A New Lens into the Archive
You are in an archive. You find a document in a language you don't understand. You take a photo, input it into Gemini 3 Pro. 60 seconds later you have a transcription, transliteration, and translation
The world changed on Tuesday, November 18th 2025, when Google launched Gemini 3 Pro Preview. For the last sixteen days I have been testing Gemini 3’s capabilities to perform high quality transcription, transliteration and translation in multiple languages. The product is a game changer in the world of machine transcription. The camera fantasy is not quite there yet, but it is coming. A Google Lens into the Archive.
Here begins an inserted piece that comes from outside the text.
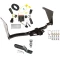 Trailer Tow Hitch For 13-16 Ford Escape All Models Complete Package w/ Wiring and 1-7/8" Ball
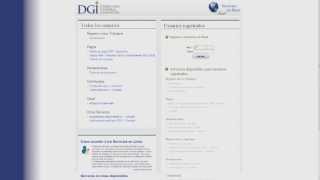 DGI Uruguay Como solicitar constancias de impresion via web [upl. by Justin895]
I can confirm everything Professor Mark Humphries has said in his two important Substack posts (Generative History), and more.1 2 Especially for non-archivist and non-librarian users like me, interested in transcribing our own research collections of a few images up to tens of thousands, wanting flexibility and control of work flows, and the ability to summarise and enrich those transcriptions on the fly as part of our historical research.
This article
This Substack article concentrates on just two of my twenty eight experiments in the last sixteen days. They concern a late C19th Armenian celebratory letter, and a mixed Russian/Armenian birth certificate from 1907. But I have also successfully transcribed, transliterated, translated, précised, and contextualised scholarly and liturgical Armenian texts from earlier periods using Gemini 3. Rough and ready? Yes. How rough and ready I will leave it to Armenian scholars to judge. I’m seeking with this article to stimulate experiment, not to set myself up as a reader of Armenian.
Tip: You may need to enlarge the text on your screen to see some of the embedded images in this article
I will publish a second Substack article next week about my experiments with English High Court of Admiralty (HCA) legal depositions, 1573 - 1689, which I know like the back of my hand, having worked with them since 2012. I have 30,000 untranscribed images just waiting for machine transcription and a ground truth of over 6 million words sitting on the MarineLives website, in Transkribus, and in multiple Cloud accounts.
I will let you know in that article how my large scale batch processing of HCA depositions using Gemini 3 Pro stacks up against processing the same images in Transkribus and in Leo. In terms of quality, reliability, reproducability, scalability, cost, and flexibility to integrate into broader work processes.
Leo, like Gemini 3 Pro, is based on Large Language Model technology, whereas Transkribus uses a mix of technologies - Convoluted Neural Networks, Recurent Neural Networks, and Transformers, the latter used for “Super Models”. Transformers use self-attention mechanisms to model long-range dependencies across an entire sequence, and can lead to improved accuracy, especially with varied scripts and languages.
I have deep affection for Transkribus, as an early adopter in 2018 and a member of the READ-COOP, the cooperative which manages product development and delivery. But the world moves on, and we are now in a multi-polar world of transcription technologies in which Transkribus is no longer the sole credible player.
The challenge
Why on earth did I chose Armenian to test Gemini 3 Pro’s non-English capabilities? For no better reason than I have been married to an Armenian for forty years and would love to be able to read Armenian manuscripts. Note “would love to”. This means that I am offering my analysis with one HUGE caution. My checking of accuracy has been done by testing the outputs conceptually, and by using a second LLM (Chat GPT 5.1) to audit the work, and by getting a second instance of Gemini 3 Pro (which is unaware of the output of the first instance) to forensically dissect and critique the first Gemini 3 Pro’s work. And believe me, they are critical and insightful, and had useful process improvement suggestions, which I implemented. I look forward to a critique of my approach.
I am not arguing that Gemini 3 Pro is producing near 100% accuracy in terms of character by character, word by word, line by line, or region by region accuracy. And I am not presenting quantified results against benchmark data, which I will leave to others.3
I am arguing qualitatively, as an experienced user of machine transcription and as an expert English language palaeographer, that Gemini 3 Pro is producing output which means it needs to be taken very seriously as users of all sorts consider their options for transcription. My central assertion is that Gemini 3 Pro appears damned good prima facie at transcribing, transliterating and translating Armenian (and probably Russian) and is likely to have analogous utility for other medium and low resource languages.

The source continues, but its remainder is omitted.